The point system should therefore take into account elements specifically related to the degree of “suffering” conceivable for the loss of the foetus, as illustrated in
Table 9 and
Table 10.
4. Conclusions
The absence of standard criteria to favour an assessment closer to objectivity in cases of parental loss resulting from the loss of the product of conception due to the liability of third parties is an obvious international shortcoming.
For this reason, it would be necessary to associate national guidelines drawn up by consensus conferences, constituted by scientific societies with national diffusion (Italian Society of Legal Medicine and Insurance, Italian Society of Psychiatry, Italian Society of Criminology, Italian Society of Child Neuropsychiatry), to standardise the criteria and clinical and psychodiagnostic protocols for evaluating bereavement damage in cases of parental loss deriving from abortion on the responsibility of third parties.
This inevitably gives rise to differences in the national territory, with differences linked to the subjective assessment of the judges, who do not in all cases consider all the circumstantial/familial elements in which the harmful event is determined, and the omission of certain parameters generates an inevitable compensation prejudice.
The proposal of a homologated criterion, or rather of evaluative elements on which to base the liquidation of damages, is therefore functional for the purpose of remedying existing discrepancies, thus providing an objective and parameterised aid to the judge, but also to the medico-legal expert.
Moreover, it will leave—as already happens in any area of liquidation of non-asset damage—a space for the subjectivity of the evaluator, but it will orient the final estimate on fixed points, increasing its predictability.
If this proposal may be useful in the Italian context, it may also be useful in other jurisdictions to assess the possibility of assigning a ‘standardised’ economic value to the loss of the product of conception.

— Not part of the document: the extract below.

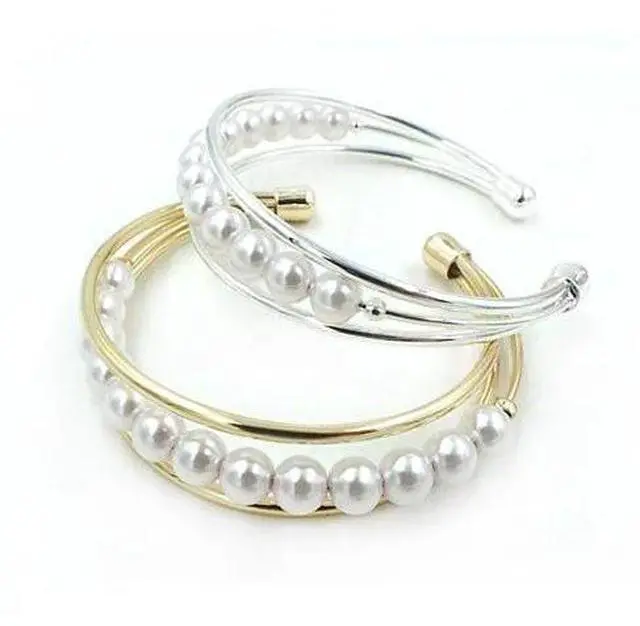 Main image of Vista Palace Pearls Cuff Style Pearl Bracelet - Silver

Allowing judges to have technical elements for compensatory assessments is fundamental in any field. It is even more important when it comes to compensating for the loss of a loved one, even if not yet born. Trying to prevent such assessments from being a consequence of arbitrariness will allow judges to emphasise ‘justice’.
If human capital is defined as an integration of innate endowments and acquired knowledge, the foetus is also the bearer of a capital that cannot be eluded but rather is appreciable and therefore compensable.